MAF: That's a narrow, incomplete vision. The tribal community is part and parcel of this region, and it should be incorporated as such. Otherwise you will be faced with increasing radicalization and terrorism. The situation in Sinai cannot be seen in isolation from the situation in the capital. The Muslim Brotherhood's international organisation has sown and financed terrorism in Sinai and made the region a fertile ground for militancy. Tribal communities have inhabited Sinai for 5,000 years. It has only degenerated over the last three decades at the hands of Egyptian leadership that brought an external, not internal, virus that we should detect and combat.

AO: What do you think of the "southern model"?

MAF: The "southern model" is a riviera where Bedouins were driven into the mountains and are now suffering marginalisation and neglect. Some parts of south Sinai  were meant to be a mere façade for tourist resorts, but the vast majority of areas are now suffering from water and electricity shortages. Even fishing areas were seized from them and have become places for tourists.
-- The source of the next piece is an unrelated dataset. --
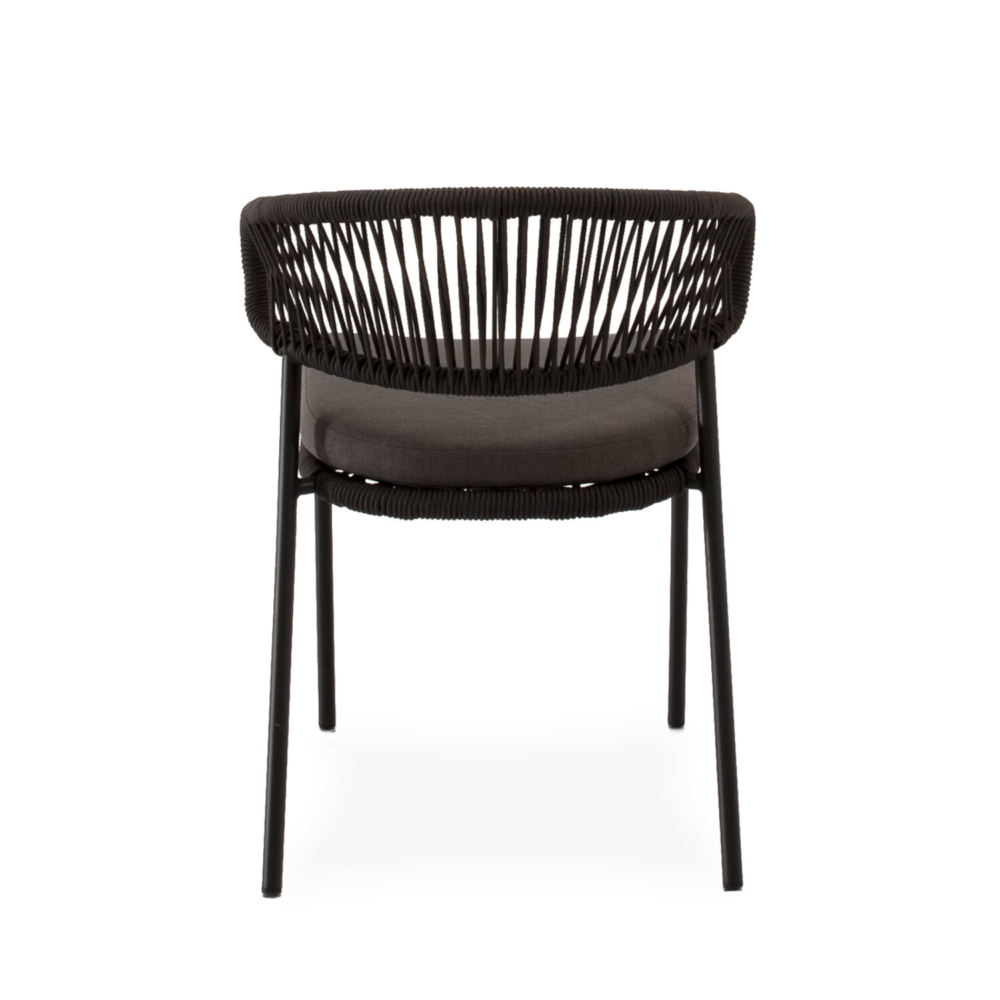 Silla de exterior PALMIRA gris - Imagen 5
Coral reefs are in peril because of this model.

AO: So how do you diagnose the problem?

MAF: International terrorism has turned Sinai into a battlefield. The region has long suffered at the hands of the police state and the failure of successive governments in Cairo. Before then, Sinai was a peaceful, secure place.   
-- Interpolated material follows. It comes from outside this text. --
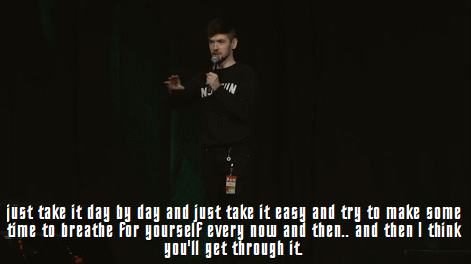 Jacks Words Of Encouragement To Get Through Hard Times.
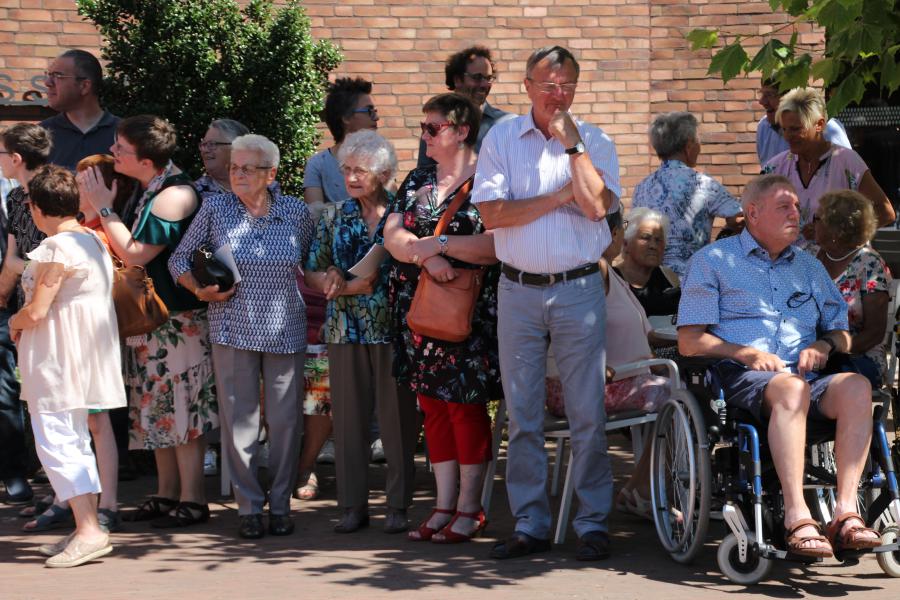 Viering pastoor Jef Mermans © Luc Gys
AO: What's the solution then?

MAF: The only way out is to have a democratic, pluralistic government that acknowledges the distinct culture of the Bedouin population and ensures them safety. Authorities must recognize that their operations in Sinai are not a panacea for all problems. Other counter-terrorism policies and development projects must be pursued in the region. Today some are attempting to lure people out of the region and vacate it.

AO: Talking about the distinctness of the Sinai Bedouins, do you think that the people of Sinai should put forward their own development plans?

MAF: Sinai residents have been proposing projects for 30 years and approaching governments with numerous development plans. The Egyptian state has contributed to making the region one with the world's highest number of prisoners. Central Sinai is one of the world's poorest regions according to the UN. Only a handful of young people are able to attend universities. The region needs a cultural plan, one that traces back to how people lived there peacefully five centuries ago. Sinai needs its own culture that has taken shape through time. We do not need it to be a total metamorphosis, which might engender terrorism or violence. One question that remains unanswered for me is how Sinai residents were turned into terrorists in the popular imagination.

AO: You're a member of the constitutional draft committee? Do you hope to incorporate Sinai-related articles in the new constitution?

MAF: Certainly, we need that.  Sinai will always remain a mirror of the Egyptian state's success or failure. If you keep trying to stamp its people out, they will seek sanctuary in the mountains, where they can easily be co-opted by passing insurgents. We need to entrench development of the region and its culture in the constitution. Using terrorism as a tool of intimidation to prioritize certain policies over others is a well-known political practice. I am not saying terrorism does not exist. It does, but you have to address it in a way that is effective. Combating terrorism is never successfully done by attacking homes and planting mines to demolish them, even if it is [Osama] Bin Laden's house. Those people and their children have the right to live. We have to reformulate relations with the whole society in Sinai.